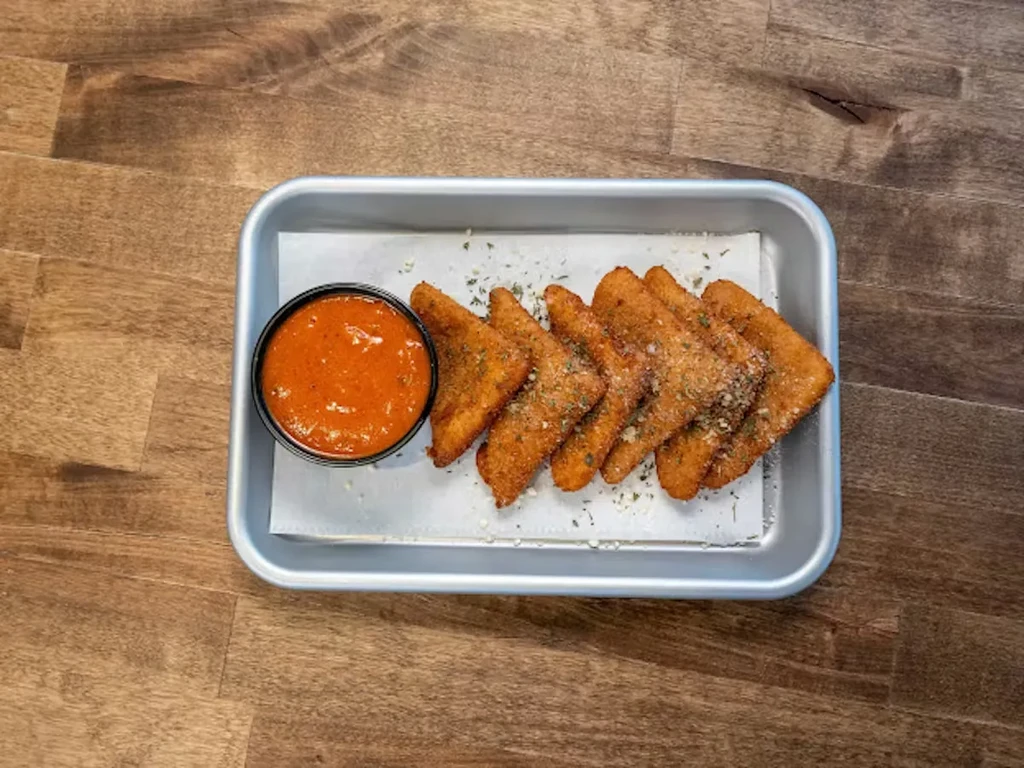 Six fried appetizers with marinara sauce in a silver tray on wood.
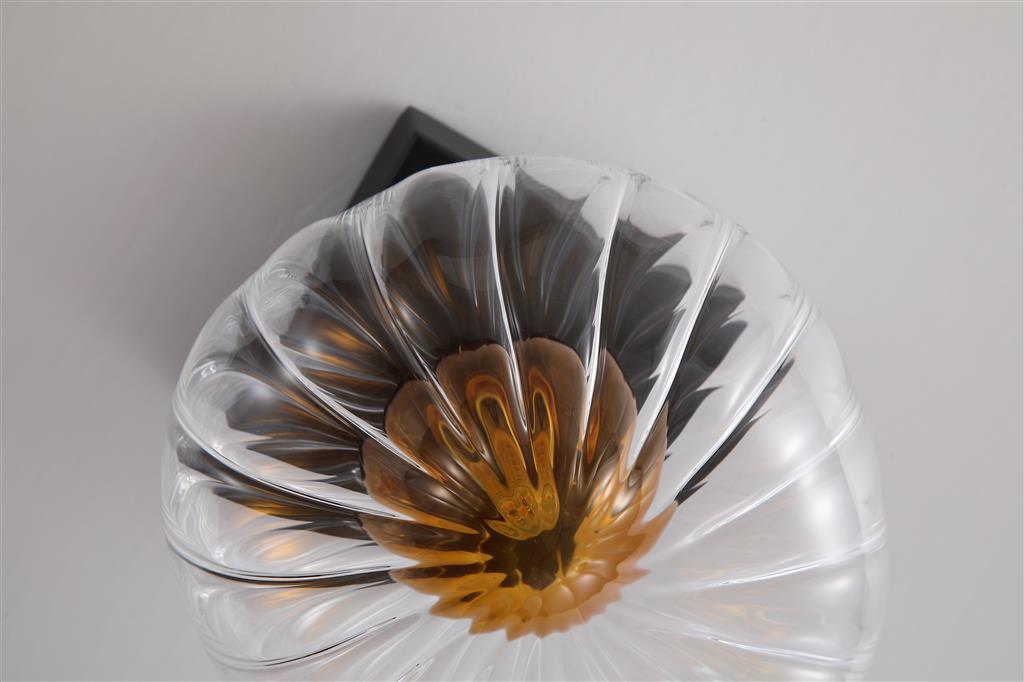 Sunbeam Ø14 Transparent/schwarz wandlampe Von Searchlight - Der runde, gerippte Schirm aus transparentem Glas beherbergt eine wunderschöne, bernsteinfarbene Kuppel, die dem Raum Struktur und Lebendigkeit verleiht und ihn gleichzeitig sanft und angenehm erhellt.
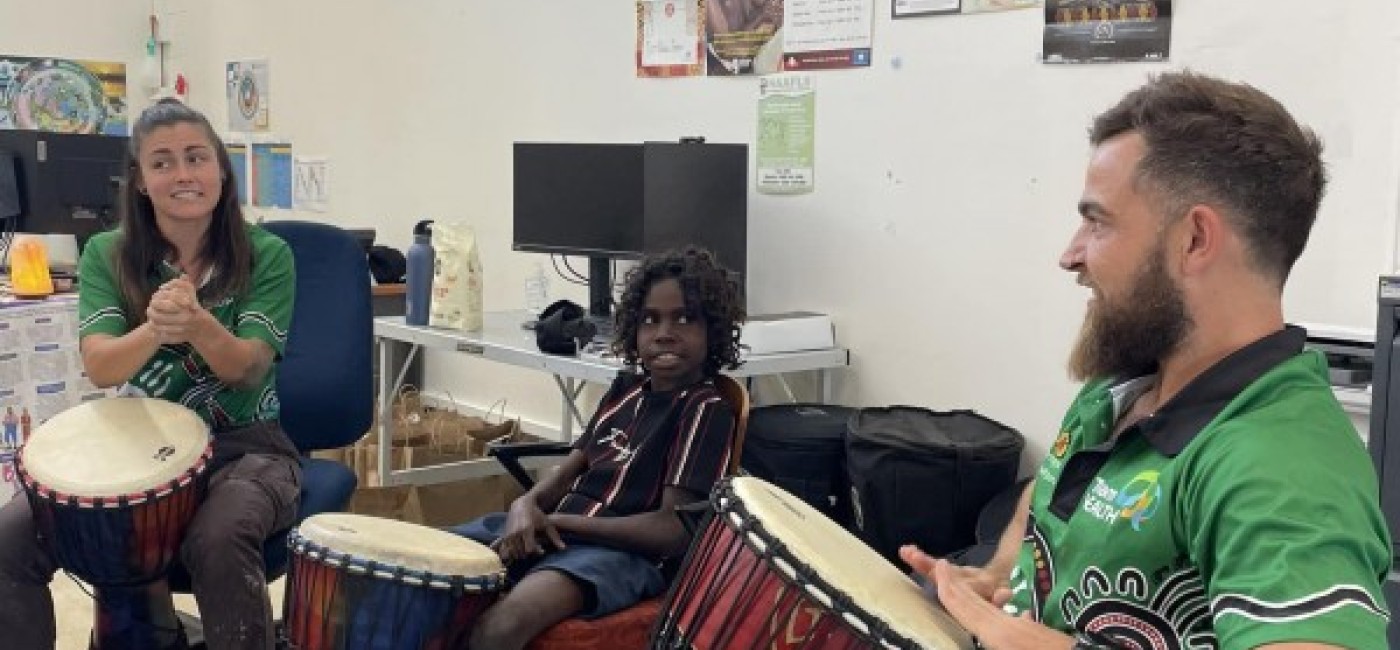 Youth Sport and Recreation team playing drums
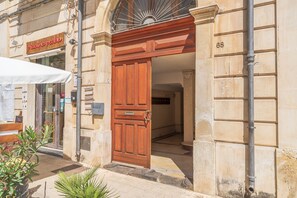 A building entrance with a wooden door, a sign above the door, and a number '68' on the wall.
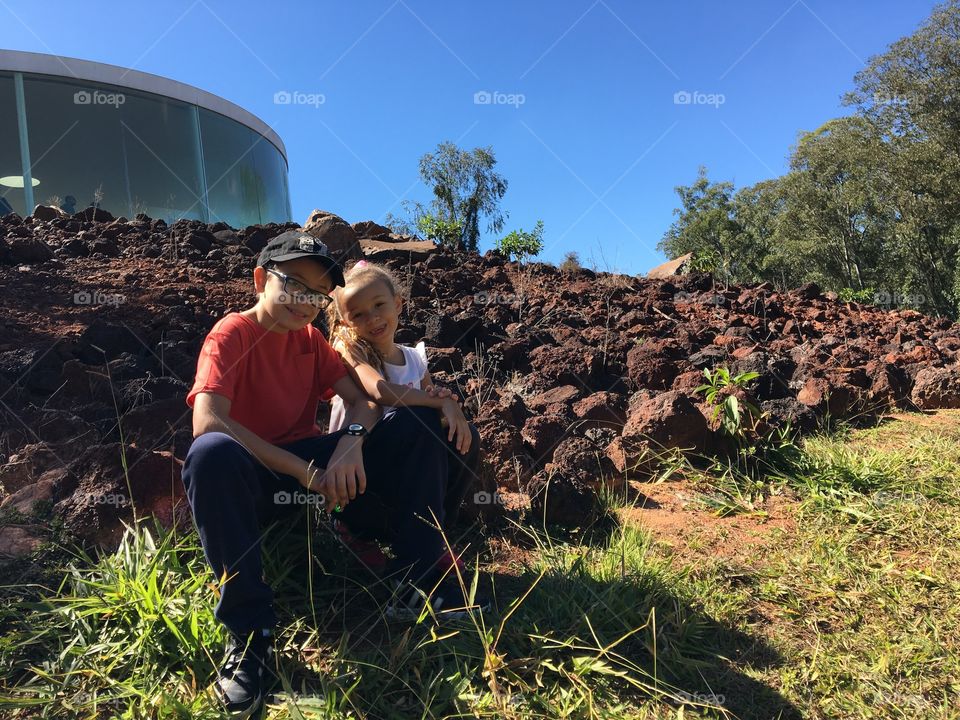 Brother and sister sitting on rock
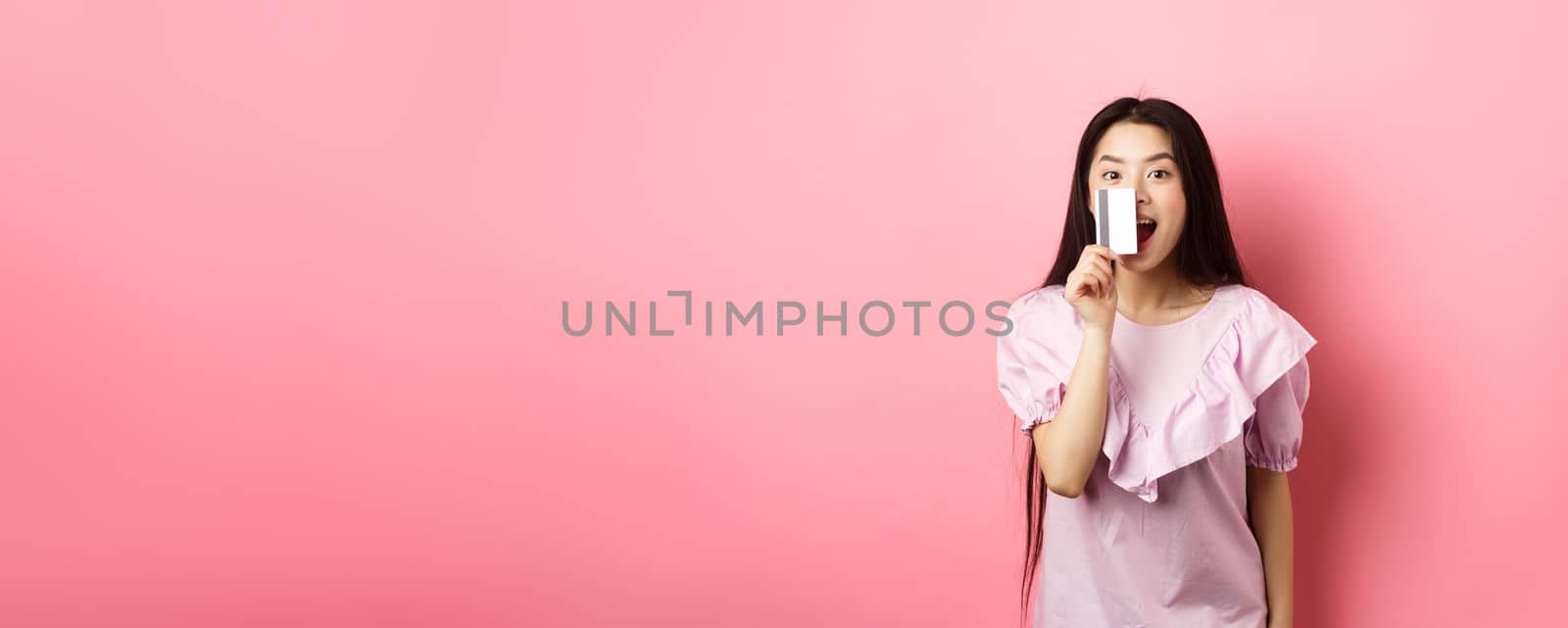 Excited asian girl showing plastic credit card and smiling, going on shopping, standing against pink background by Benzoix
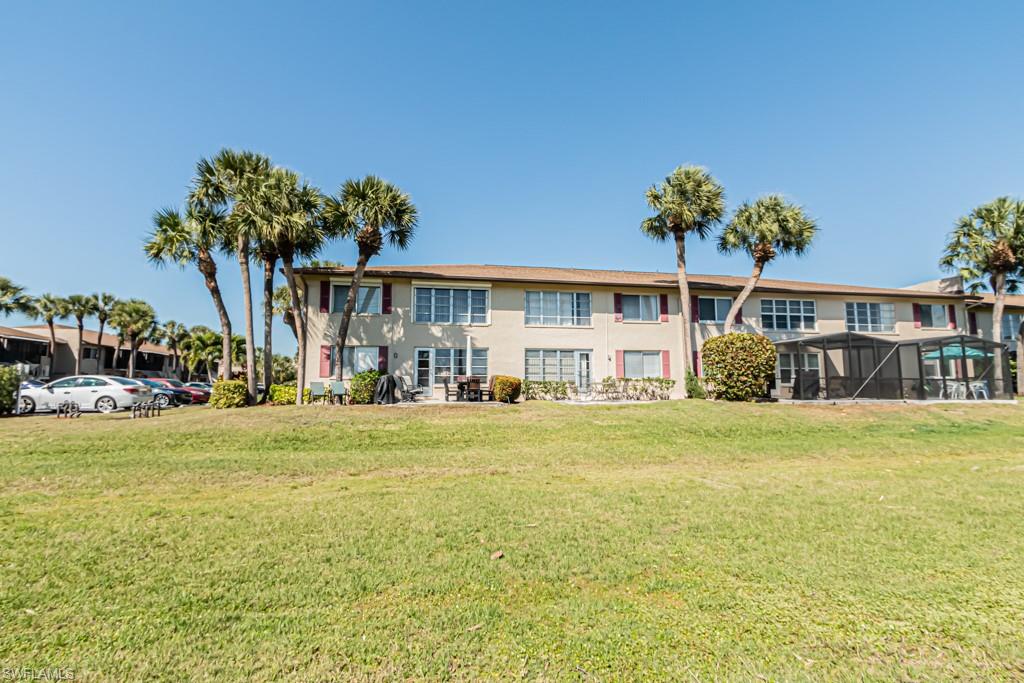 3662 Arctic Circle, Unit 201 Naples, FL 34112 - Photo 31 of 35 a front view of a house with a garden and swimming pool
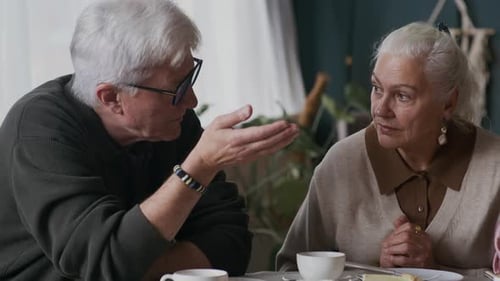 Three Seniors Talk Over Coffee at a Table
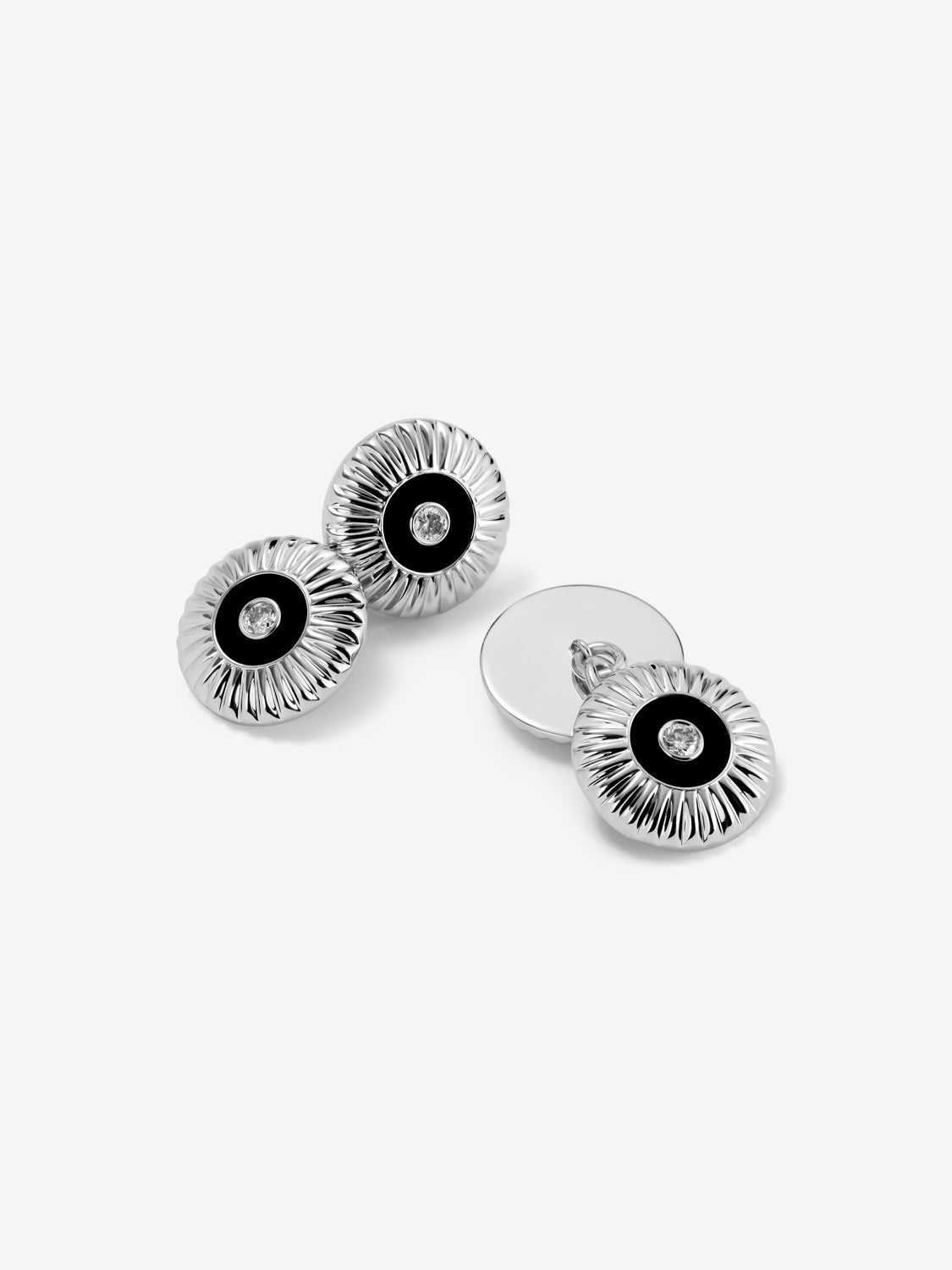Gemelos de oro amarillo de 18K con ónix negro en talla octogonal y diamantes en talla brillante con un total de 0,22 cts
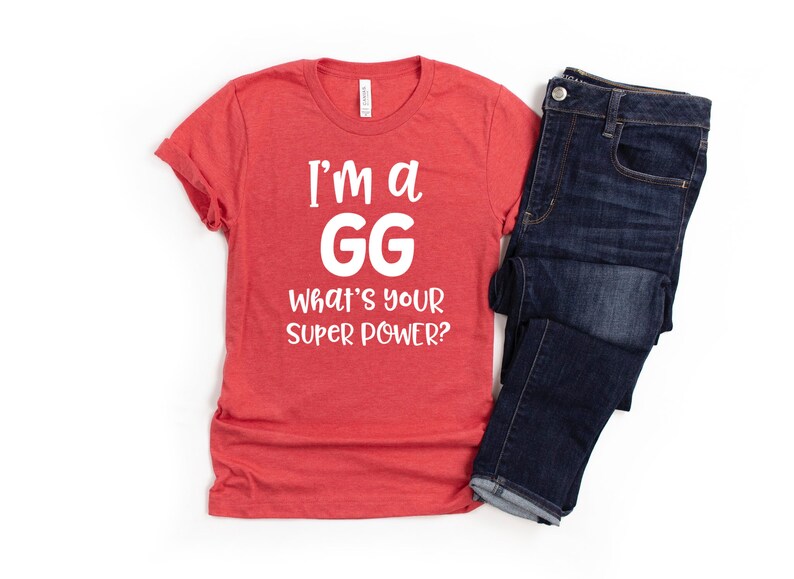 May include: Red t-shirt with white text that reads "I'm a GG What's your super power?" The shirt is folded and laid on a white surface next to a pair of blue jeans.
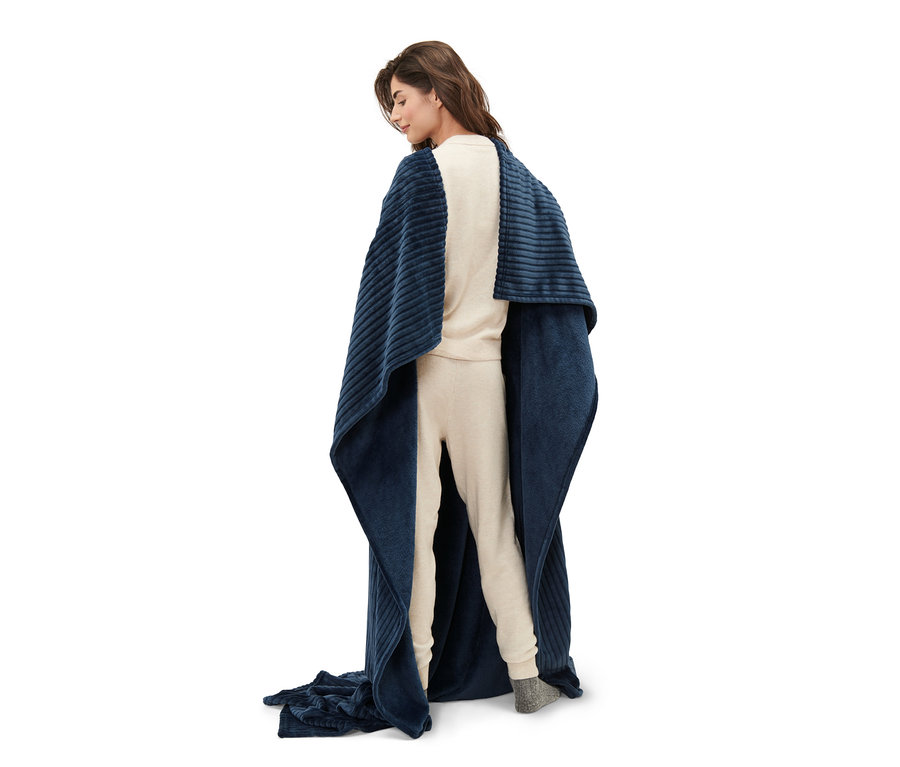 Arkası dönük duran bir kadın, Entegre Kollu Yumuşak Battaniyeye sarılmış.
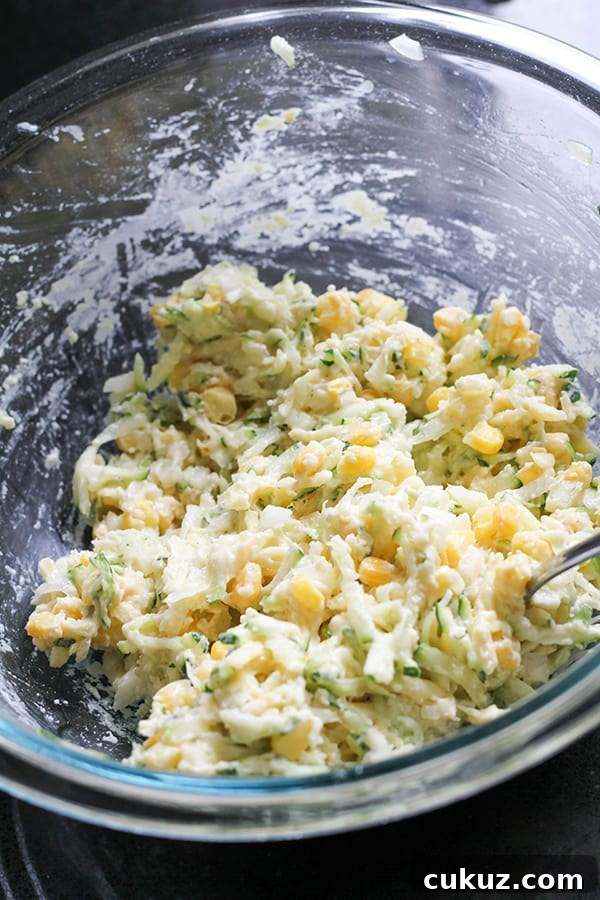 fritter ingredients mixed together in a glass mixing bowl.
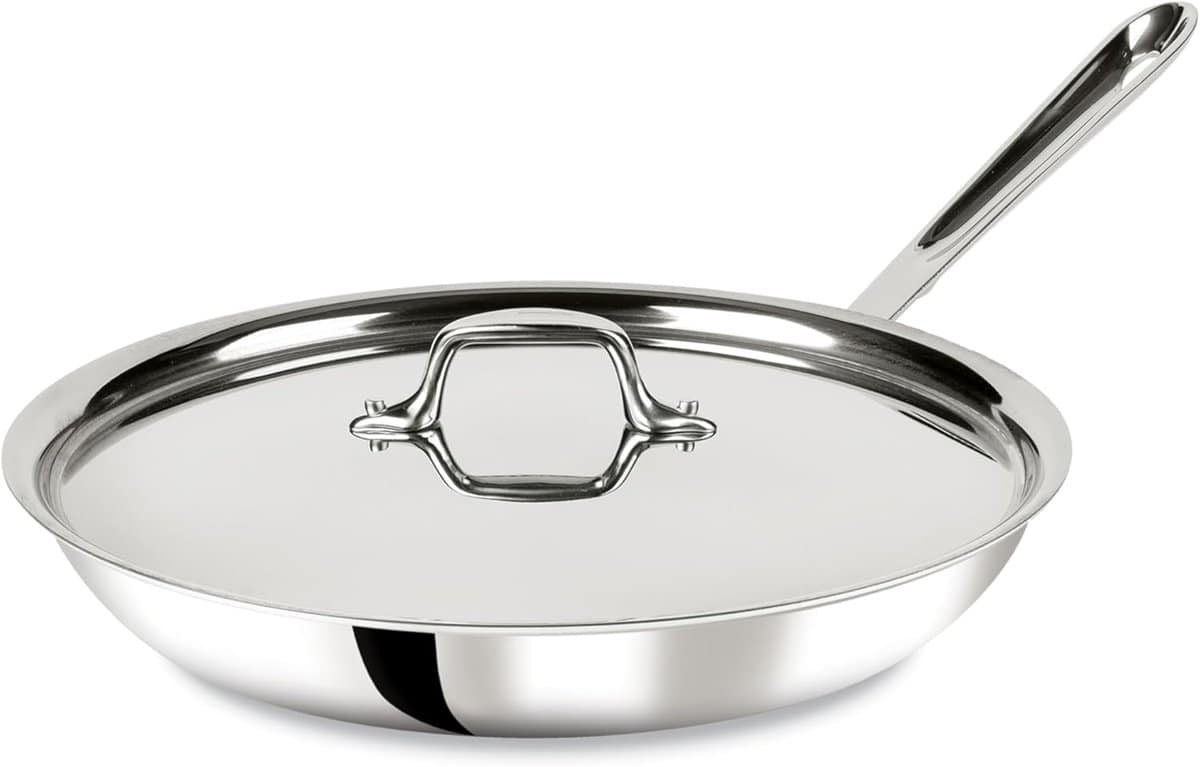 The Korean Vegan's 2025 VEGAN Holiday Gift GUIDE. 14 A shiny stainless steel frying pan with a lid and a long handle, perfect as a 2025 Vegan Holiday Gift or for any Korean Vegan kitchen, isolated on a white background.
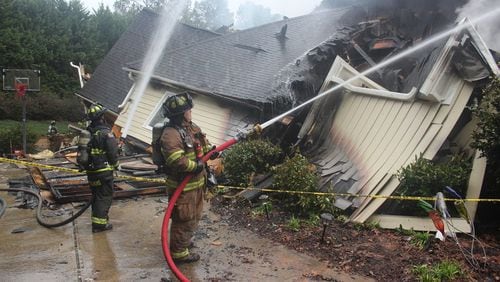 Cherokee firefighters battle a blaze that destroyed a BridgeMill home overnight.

_EXERCISE OBJECTIVE_.
For the material above, give again only the lines starting at the line that contains "Arkası dönük duran" and ending at the line that contains "The Korean Vegan's". Pictures do not belong in the copy.

_EXERCISE RESPONSE_.
 Arkası dönük duran bir kadın, Entegre Kollu Yumuşak Battaniyeye sarılmış.
 fritter ingredients mixed together in a glass mixing bowl.
 The Korean Vegan's 2025 VEGAN Holiday Gift GUIDE. 14 A shiny stainless steel frying pan with a lid and a long handle, perfect as a 2025 Vegan Holiday Gift or for any Korean Vegan kitchen, isolated on a white background.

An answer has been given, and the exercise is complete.